Halliwell-Phillipps was the first to note that here is a very pointed reference to the second scene of the third act of _Julius Cæsar_, as the antithesis brought out is not indicated in any of Shakespeare's historical sources. The fact that Weever states in his Dedication that the _Mirror_ "some two years agoe was made fit for the print" has been held by Mr. Percy Simpson[1] to indicate that the play was not brought out later than 1599, a conclusion supported, he thinks, by a passage in Ben Jonson's _Every Man out of His Humour_, produced in that year, where Clove (III, i) says, "Then coming to the pretty animal, as _Reason long since is fled to animals_, you know," which may be a sneering allusion to Antony's "O judgment! thou art fled to brutish beasts" (III, ii, 104). The "_Et tu, Brute_" quotation in the same play has been used to strengthen the argument. But the lines from the _Mirror of Martyrs_ quoted above may easily have been inserted by Weever into his poem in consequence of the popularity of Shakespeare's play. This contemporary popularity is well attested.
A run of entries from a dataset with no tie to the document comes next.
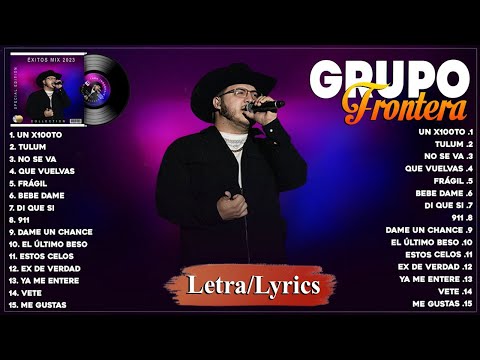 Grupo Frontera Éxitos Mix 2023 - Grupo Frontera Álbum Completo - Lo Mas Nuevo De Todo (Letra/Lyrics)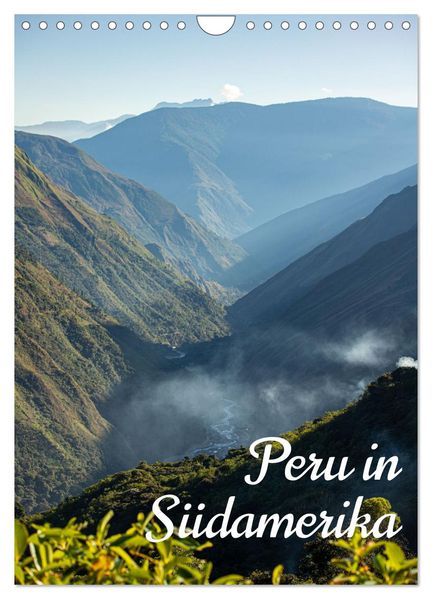 Peru in Südamerika (Wandkalender 2027 DIN A4 hoch) CALVENDO Monatskalender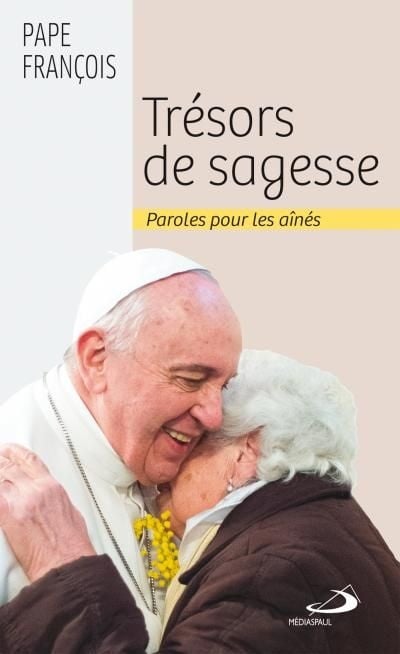 Livre Trésors de sagesse : Paroles pour les ainés - Pape François (Livre d'occasion)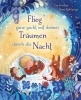 Buchcover und Innenansicht für das Buch: Flieg ganz sacht mit deinen Träumen durch die Nacht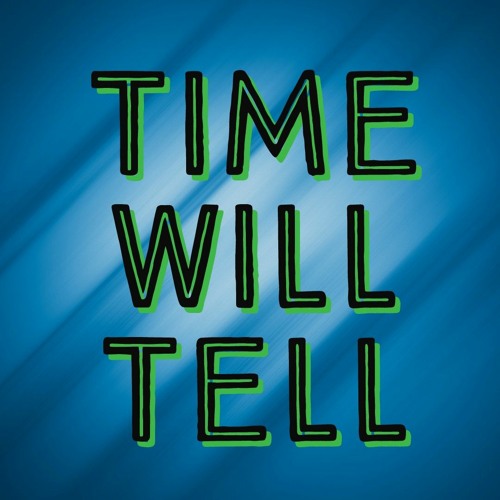 Time Will Tell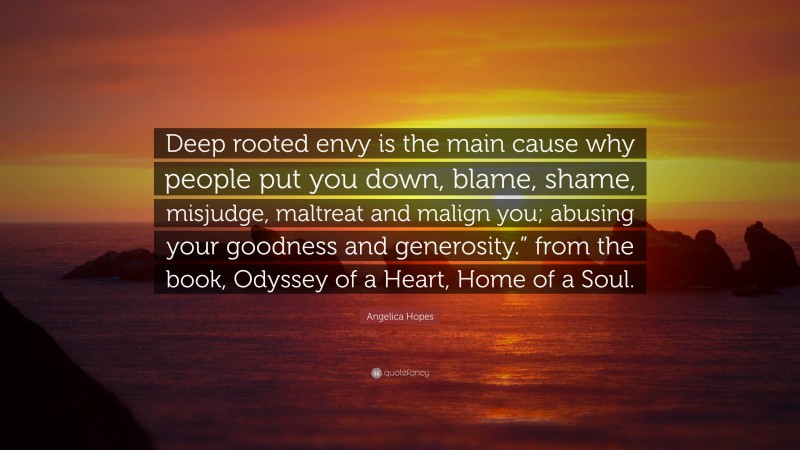 Angelica Hopes Quote: “Deep rooted envy is the main cause why people put you down, blame, shame, misjudge, maltreat and malign you; abusing your goodness and generosity.” from the book, Odyssey of a Heart, Home of a Soul.”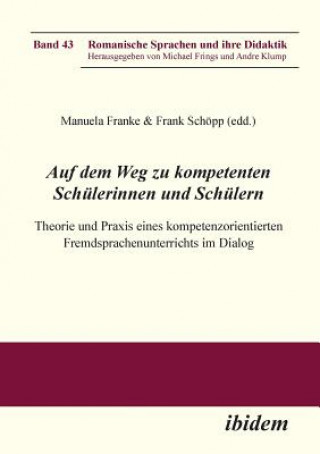 Buch Auf dem Weg zu kompetenten Sch lerinnen und Sch lern. Theorie und Praxis eines kompetenzorientierten Fremdsprachenunterrichts im Dialog Manuela Franke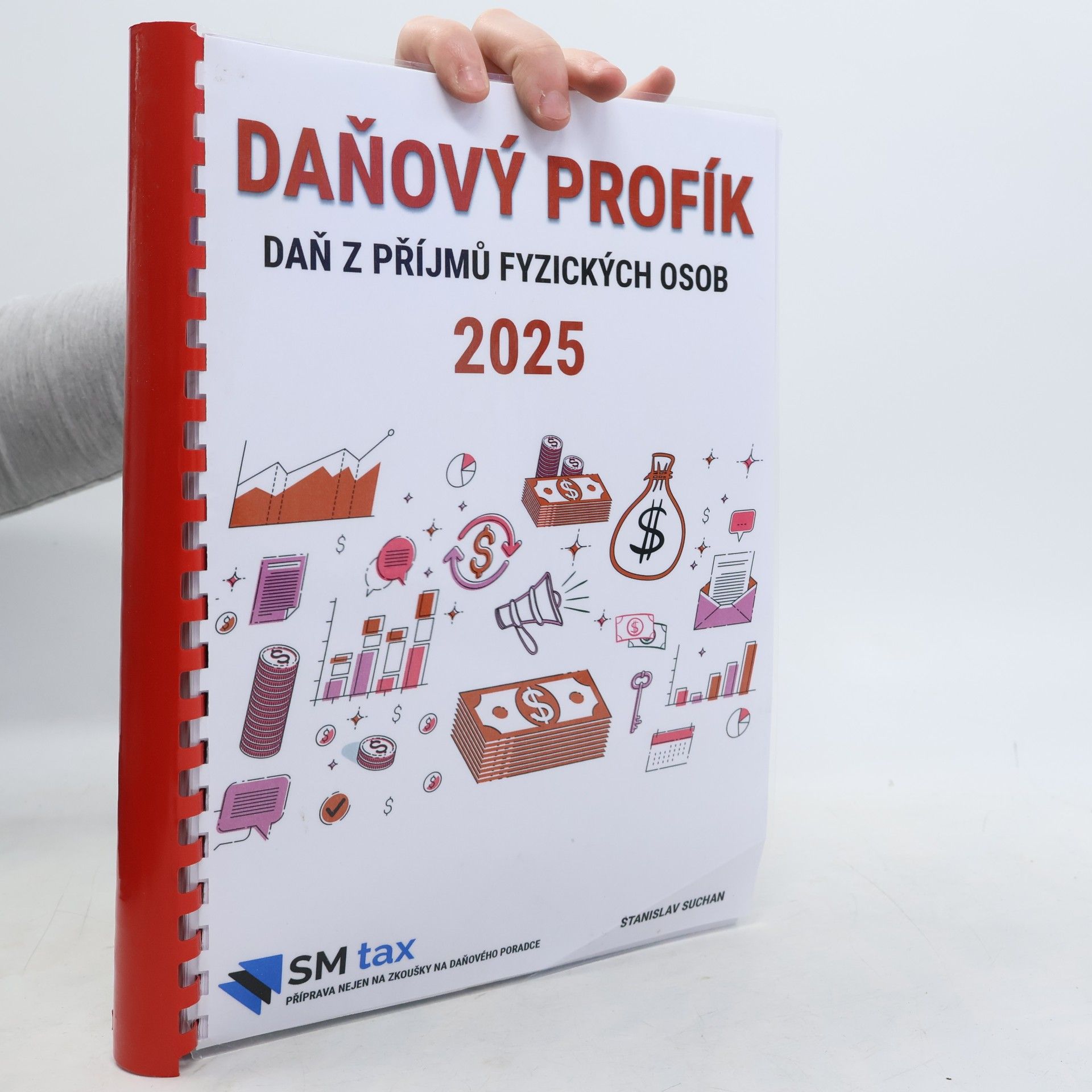 Stanislav Suchan Daňový profík. Daň z příjmů fyzických osob 2025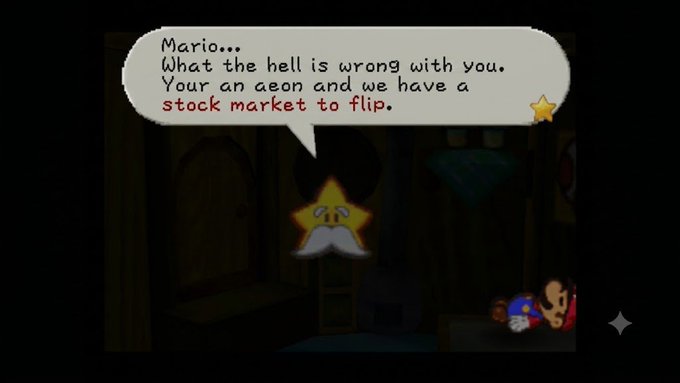 A scene from Paper Mario shows a Star Spirit speaking in a speech bubble that reads: 'Mario... What the hell is wrong with you. Your an aeon and we have a stock market to flip.'
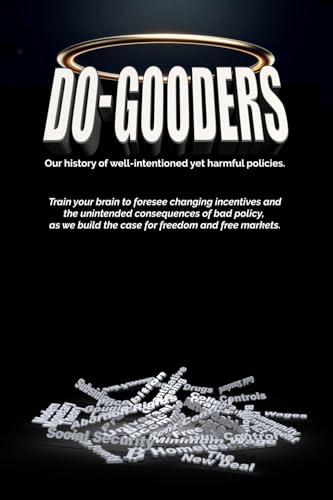 DO-GOODERS: Our history of well-intentioned yet harmful policies
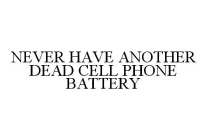 NEVER HAVE ANOTHER DEAD CELL PHONE BATTERY
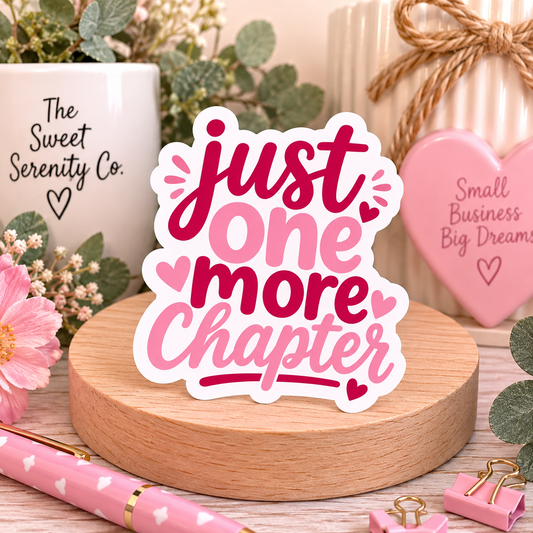Just One More Chapter Sticker, Bookish Aesthetic Decal, Cute Pink Funny Mom Life Planner Sticker for Journals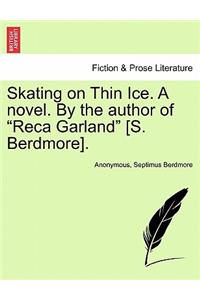 Skating on Thin Ice. a Novel. by the Author of 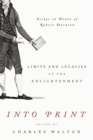 Into Print : Limits and Legacies of the Enlightenment; Essays in Honor of Robert Darnton - Book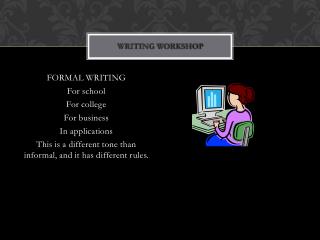 Writing Workshop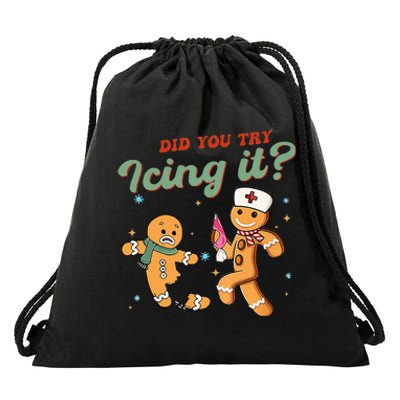 Funny Christmas Nurse Did You Try Icing It Gingerbread Man Drawstring Bag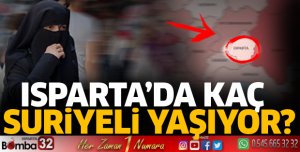 Isparta'da kaç Suriyeli yaşıyor?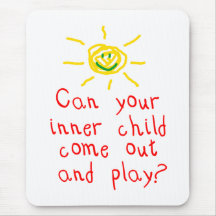 Can your inner child come out and play? mouse pads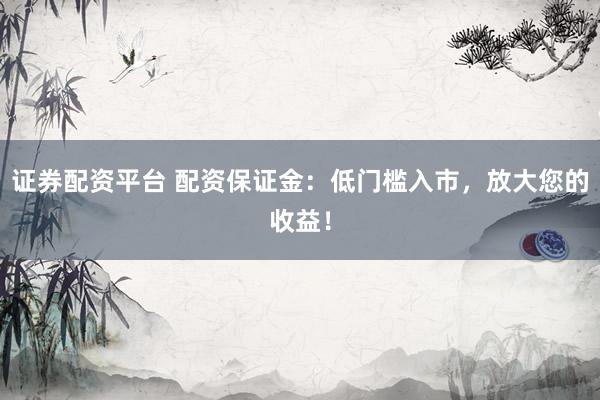 证券配资平台 配资保证金:低门槛入市,放大您的收益!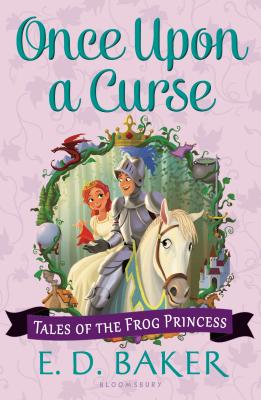 Once Upon A Curse (Tales of the Frog Princess) By E.D. Baker Cover Image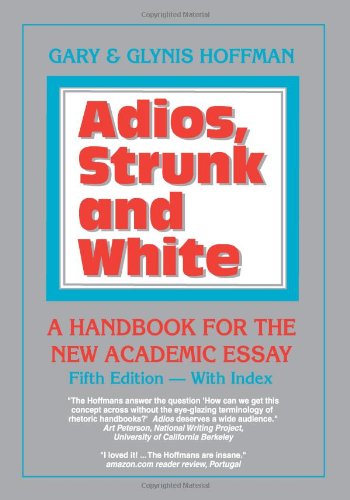 Adios, Strunk & White: A Handbook for the New Academic Essay 5th edition,Used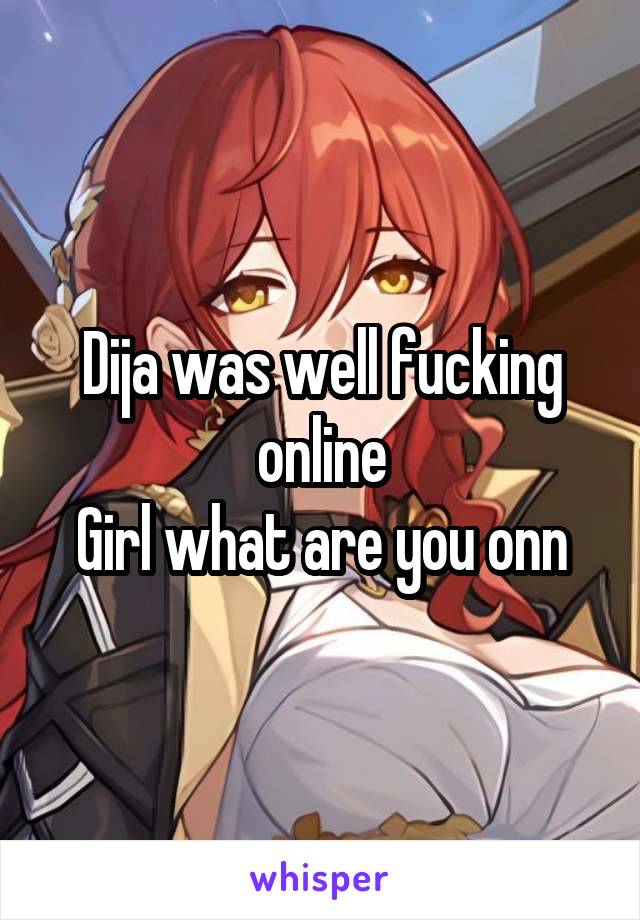 Dija was well fucking online
Girl what are you onn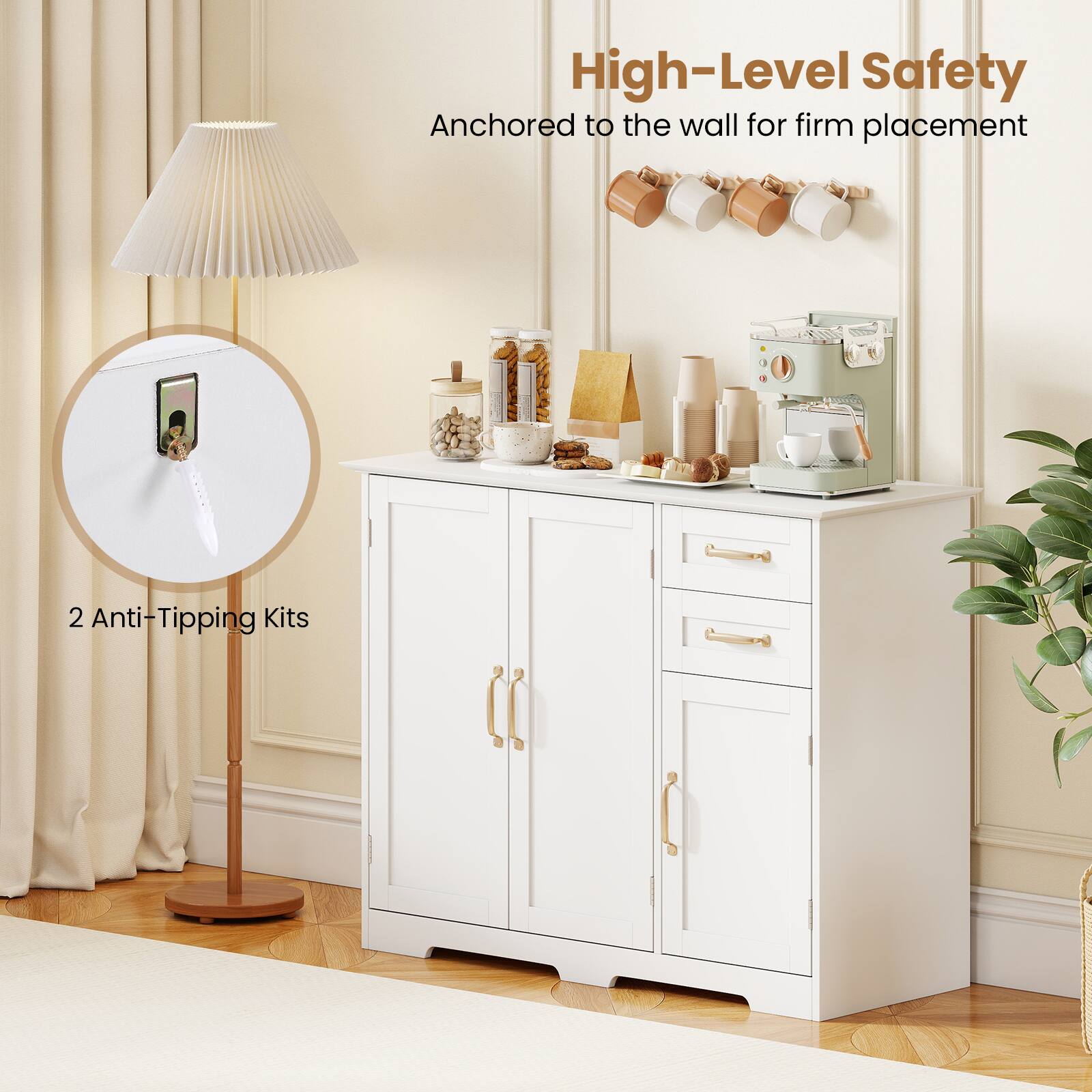 High-Level Safety  
Anchored to the wall for firm placement  

2 Anti-Tipping Kits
Leonard Digges,[2] in his verses _Upon Master William Shakespeare_ prefixed to the 1640 edition of Shakespeare's Poems, thus compares it with that of Ben Jonson's Roman plays:
So have I seene, when Cesar would appeare, And on the Stage at halfe-sword parley were _Brutus_ and _Cassius_: oh how the Audience Were ravish'd, with what new wonder they went thence, When some new day they would not brooke a line Of tedious (though well laboured) _Catiline_; _Sejanus_ too was irkesome, they priz'de more Honest _Iago_, or the jealous _Moore_.
[Footnote 1: In _Notes and Queries_, February, 1899.]
[Footnote 2: Leonard Digges also wrote verses "To the Memorie of the deceased Authour Maister W. Shakespeare," prefixed to the First Folio.]
"Fustian" Clove's quotation may apply to references to the Pythagorean doctrine of the transmigration of souls in Shakespeare's earlier plays and other Elizabethan literature; and little can be based upon the "_Et tu, Brute_" quotation, as Ben Jonson may have drawn it from the same source as Shakespeare did.